On 8/31/2021 2:20 PM, Bjorn Helgaas wrote:
On Wed, May 26, 2021 at 08:12:04PM -0500, stuart hayes wrote:
...
I made the patch because it was causing the config space for a downstream
port to not get restored when a DPC event occurred, and all the NVMe drives
under it disappeared. I found that myself, though--I'm not aware of anyone
else reporting the issue.
This niggles at me. IIUC the problem you're reporting is that portdrv
didn't claim a port because portdrv incorrectly assumed the port
supported bandwidth notification interrupts. That's all fine, and I
think this is a good fix.
But why should it matter whether portdrv claims the port? What if
CONFIG_PCIEPORTBUS isn't even enabled? I guess CONFIG_PCIE_DPC
wouldn't be enabled then either.
In your situation, you have CONFIG_PCIEPORTBUS=y and (I assume)
CONFIG_PCIE_DPC=y. I guess you must have two levels of downstream
ports, e.g.,
Root Port -> Switch Upstream Port -> Switch Downstream Port -> NVMe
and portdrv claimed the Root Port and you enabled DPC there, but it
didn't claim the Switch Downstream Port?
That's correct.
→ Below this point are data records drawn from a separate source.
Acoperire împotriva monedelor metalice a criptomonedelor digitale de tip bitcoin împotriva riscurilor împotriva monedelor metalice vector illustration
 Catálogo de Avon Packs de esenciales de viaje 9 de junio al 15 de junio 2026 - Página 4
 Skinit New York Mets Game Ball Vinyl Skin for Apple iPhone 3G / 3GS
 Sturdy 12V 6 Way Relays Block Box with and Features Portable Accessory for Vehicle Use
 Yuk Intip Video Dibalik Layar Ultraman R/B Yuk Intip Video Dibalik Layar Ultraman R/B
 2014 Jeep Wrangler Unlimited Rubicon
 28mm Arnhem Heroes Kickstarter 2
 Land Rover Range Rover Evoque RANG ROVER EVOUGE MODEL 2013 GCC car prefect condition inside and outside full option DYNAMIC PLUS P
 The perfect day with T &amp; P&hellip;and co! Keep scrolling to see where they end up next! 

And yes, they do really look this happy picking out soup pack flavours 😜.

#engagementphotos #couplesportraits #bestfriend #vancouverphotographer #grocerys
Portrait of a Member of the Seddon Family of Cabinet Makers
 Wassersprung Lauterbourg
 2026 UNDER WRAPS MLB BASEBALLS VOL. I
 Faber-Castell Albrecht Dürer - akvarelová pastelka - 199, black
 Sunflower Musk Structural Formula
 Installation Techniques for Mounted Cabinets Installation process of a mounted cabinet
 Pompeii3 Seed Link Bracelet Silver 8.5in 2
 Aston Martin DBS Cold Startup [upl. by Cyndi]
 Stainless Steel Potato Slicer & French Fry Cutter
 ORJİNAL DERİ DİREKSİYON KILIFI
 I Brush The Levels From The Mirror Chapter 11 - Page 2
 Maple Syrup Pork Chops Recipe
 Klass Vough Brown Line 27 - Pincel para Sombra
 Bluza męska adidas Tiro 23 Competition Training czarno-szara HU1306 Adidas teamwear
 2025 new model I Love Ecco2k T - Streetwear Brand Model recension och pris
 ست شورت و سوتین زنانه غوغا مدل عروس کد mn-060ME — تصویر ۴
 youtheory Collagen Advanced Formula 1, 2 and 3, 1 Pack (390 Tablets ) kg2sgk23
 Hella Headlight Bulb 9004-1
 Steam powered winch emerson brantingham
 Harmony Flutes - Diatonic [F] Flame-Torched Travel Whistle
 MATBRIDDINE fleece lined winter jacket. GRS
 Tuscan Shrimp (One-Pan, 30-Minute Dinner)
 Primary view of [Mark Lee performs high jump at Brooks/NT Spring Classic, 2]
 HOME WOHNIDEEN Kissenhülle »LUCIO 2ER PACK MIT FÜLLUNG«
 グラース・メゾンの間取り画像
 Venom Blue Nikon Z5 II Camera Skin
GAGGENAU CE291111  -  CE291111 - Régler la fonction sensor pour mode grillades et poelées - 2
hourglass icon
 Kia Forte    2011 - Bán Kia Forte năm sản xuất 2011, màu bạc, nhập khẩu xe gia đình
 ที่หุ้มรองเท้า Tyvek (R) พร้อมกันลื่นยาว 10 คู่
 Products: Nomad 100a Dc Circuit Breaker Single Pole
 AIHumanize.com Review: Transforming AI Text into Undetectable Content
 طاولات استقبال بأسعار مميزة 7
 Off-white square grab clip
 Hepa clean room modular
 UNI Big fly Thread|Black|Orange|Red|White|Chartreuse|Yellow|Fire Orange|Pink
On the system I was using, there was another layer of
upstream/downstream ports, but I don't think that matters... I had:
Root Port -> Switch Upstream Port (portdrv claimed) -> Switch Downstream
Port (portdrv did NOT claim) -> Switch Upstream Port (portdrv claimed)
-> Switch Downstream Port (portdrv claimed) -> NVMe
The failure to restore config space because portdrv didn't claim the
port seems wrong to me.
When a DCP event is triggered on the root port, the downstream devices
get reset, and portdrv is what restores the switch downstream port's
config space (in pcie_portdrv_slot_reset).
So if portdrv doesn't claim the downstream port, the config space
doesn't get restored at all, so it won't forward anything to subordinate
buses, and everything below the port disappears once the DPC event happens.
I'm not really sure how else it would recover from a DPC event, I guess.
Bjorn